Data to use START

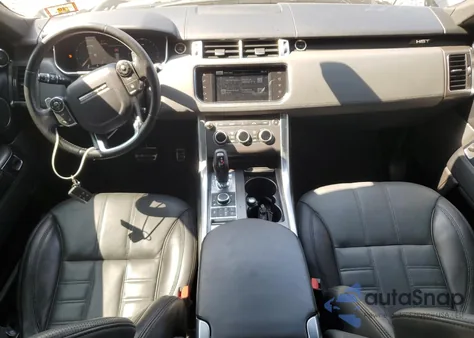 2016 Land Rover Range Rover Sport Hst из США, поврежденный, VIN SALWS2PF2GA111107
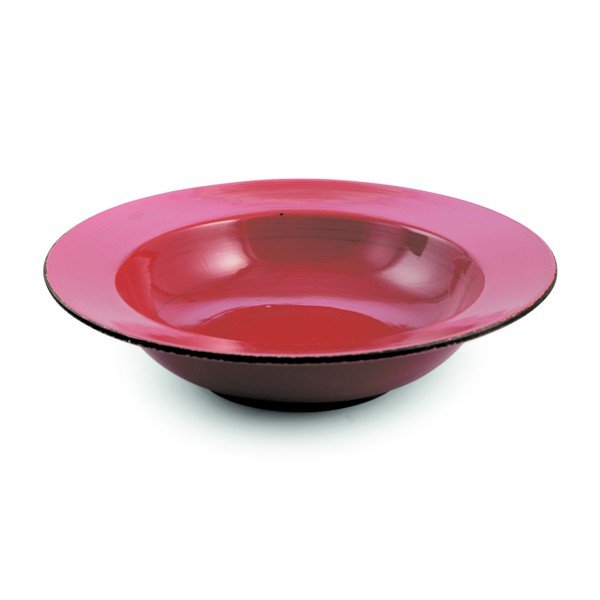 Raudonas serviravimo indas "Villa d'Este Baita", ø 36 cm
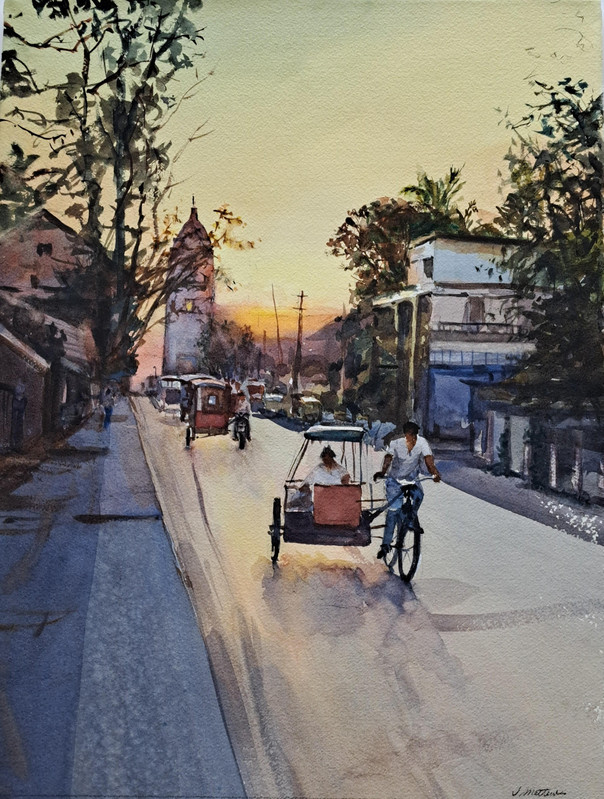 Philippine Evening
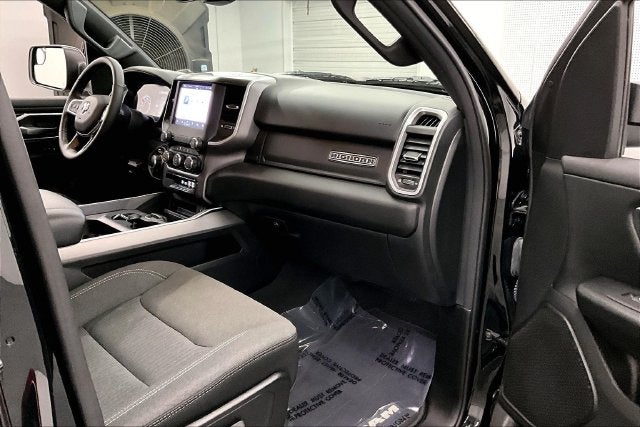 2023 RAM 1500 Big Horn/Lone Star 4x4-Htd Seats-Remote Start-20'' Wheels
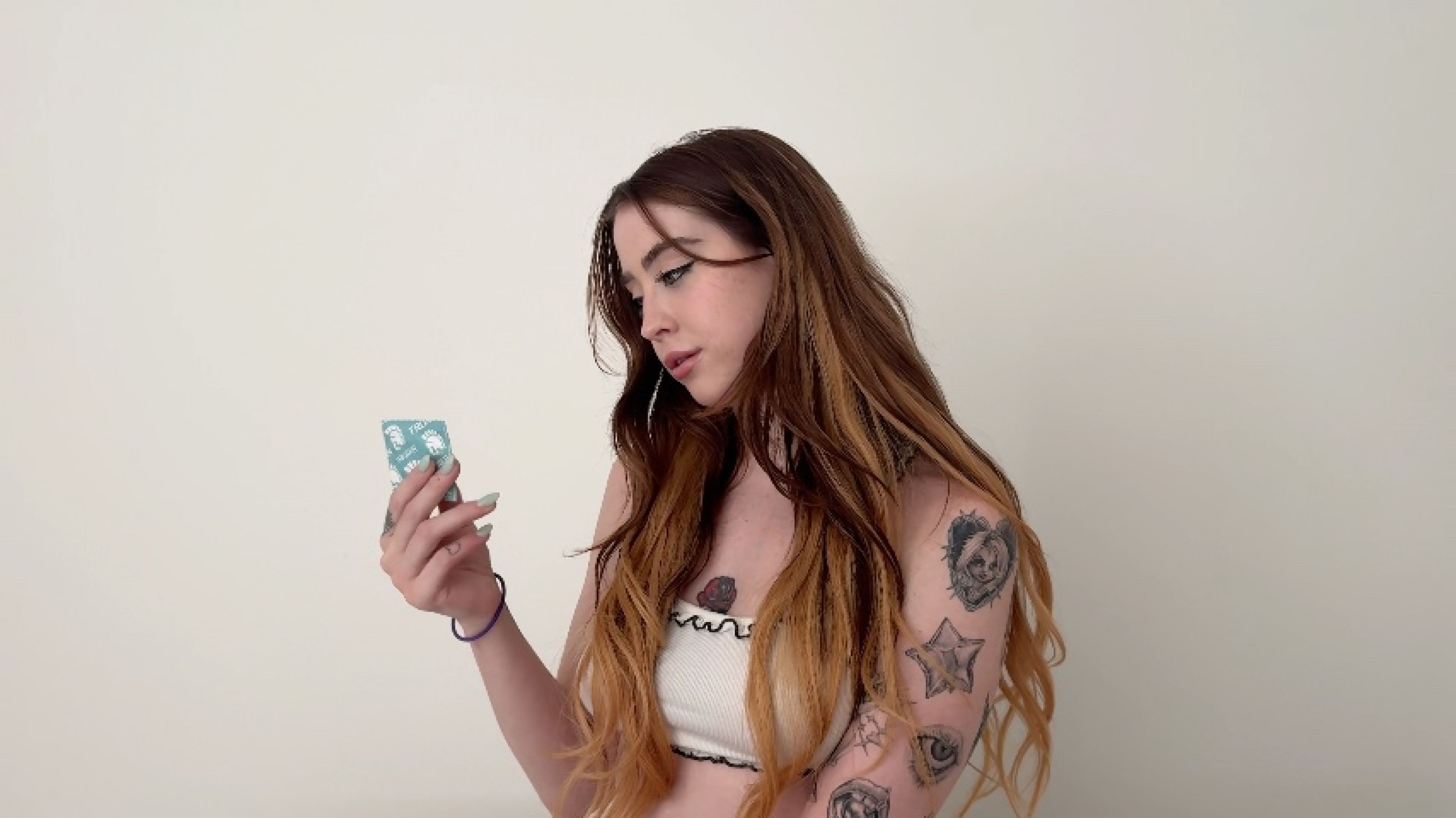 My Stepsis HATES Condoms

Data to use END

Exercise prompt: Excluding the pictures, write out exactly the lines from the line that contains "2023 RAM 1500" through the end of the records.

Answer to this task:
 2023 RAM 1500 Big Horn/Lone Star 4x4-Htd Seats-Remote Start-20'' Wheels
 My Stepsis HATES Condoms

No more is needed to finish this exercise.